• What is needed
Retype the whole listing, please, keeping every line exact and dropping the pictures.

• Data segment
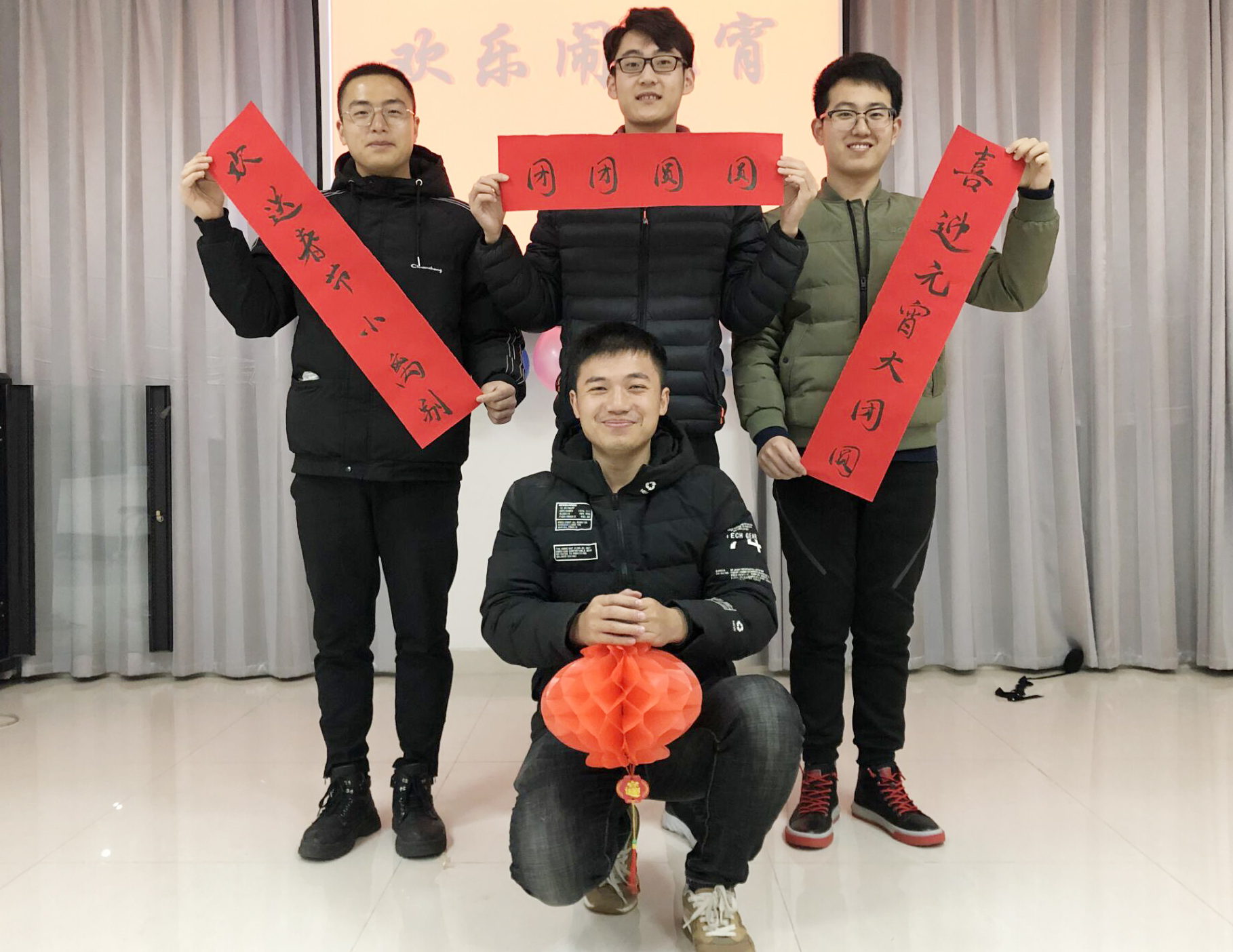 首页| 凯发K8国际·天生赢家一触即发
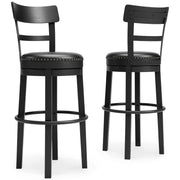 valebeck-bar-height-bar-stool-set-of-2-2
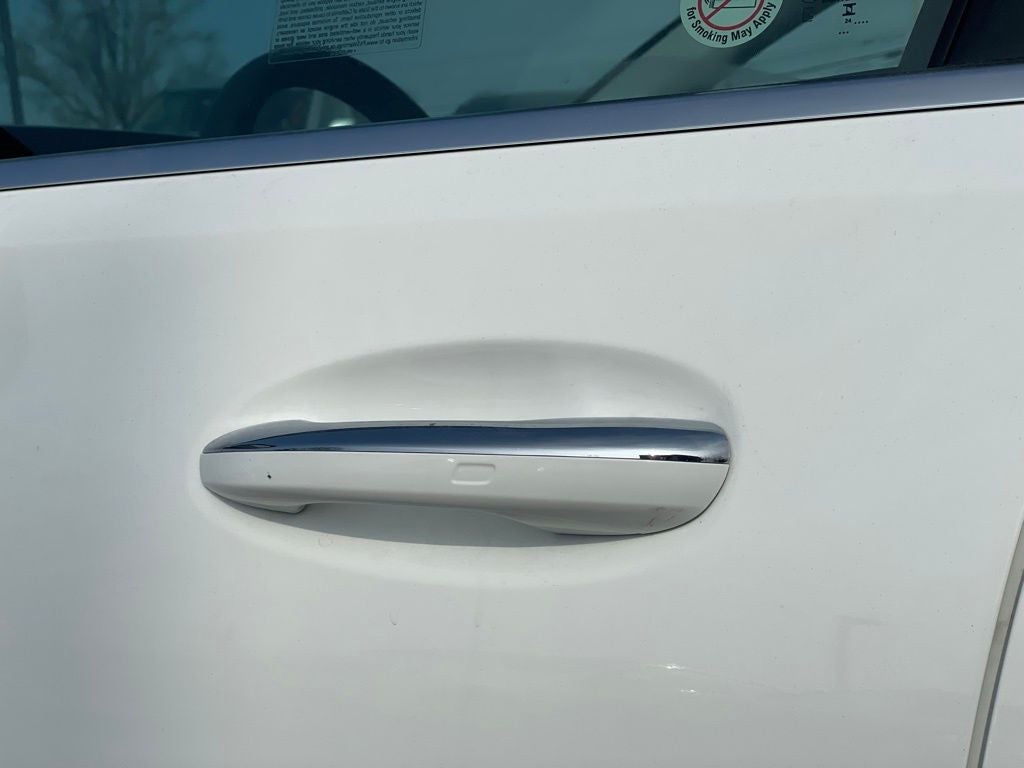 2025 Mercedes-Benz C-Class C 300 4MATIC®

• Task response
 首页| 凯发K8国际·天生赢家一触即发
 valebeck-bar-height-bar-stool-set-of-2-2
 2025 Mercedes-Benz C-Class C 300 4MATIC®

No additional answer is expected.